**Given data:**

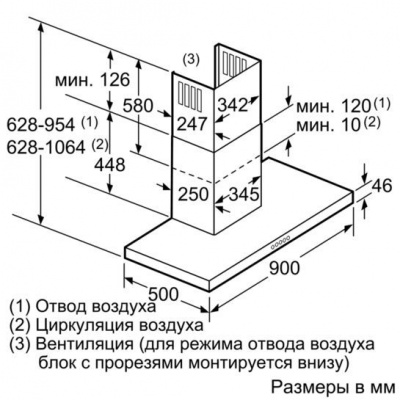 Вытяжка Bosch DWB098J50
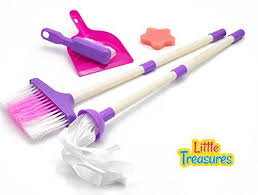 Mommy S Little Helper Toy Quality Cleaning Play Set From Little Treasures Complete With Broom Mop Foam Pad Hand B Broom And Dustpan Cleaning Toys Cleaning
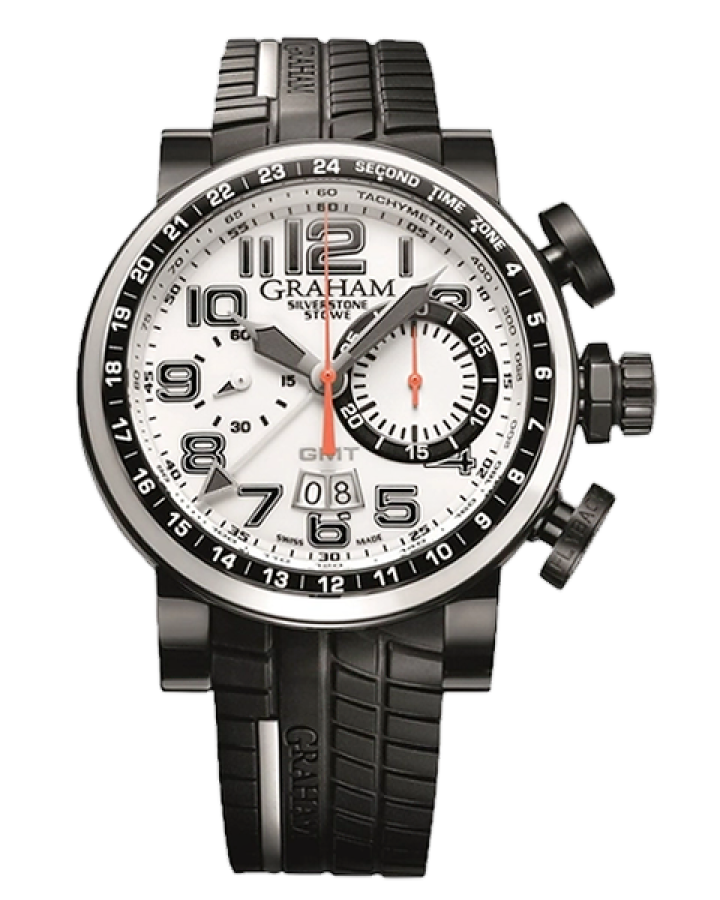 Часы Graham Silverstone Stowe GMT Tracklighted 2BLCD.W04A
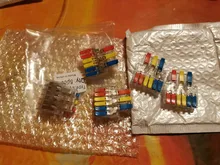 Miniconectores de Cable rápido, Conector de cableado de empalme de resorte compacto Universal, bloque de terminales Push-in, pct-222, 223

**What the task requires:**
Would you reproduce the listing above exactly, without any of its images?

**Exercise answer:**
 Вытяжка Bosch DWB098J50
 Mommy S Little Helper Toy Quality Cleaning Play Set From Little Treasures Complete With Broom Mop Foam Pad Hand B Broom And Dustpan Cleaning Toys Cleaning
 Часы Graham Silverstone Stowe GMT Tracklighted 2BLCD.W04A
 Miniconectores de Cable rápido, Conector de cableado de empalme de resorte compacto Universal, bloque de terminales Push-in, pct-222, 223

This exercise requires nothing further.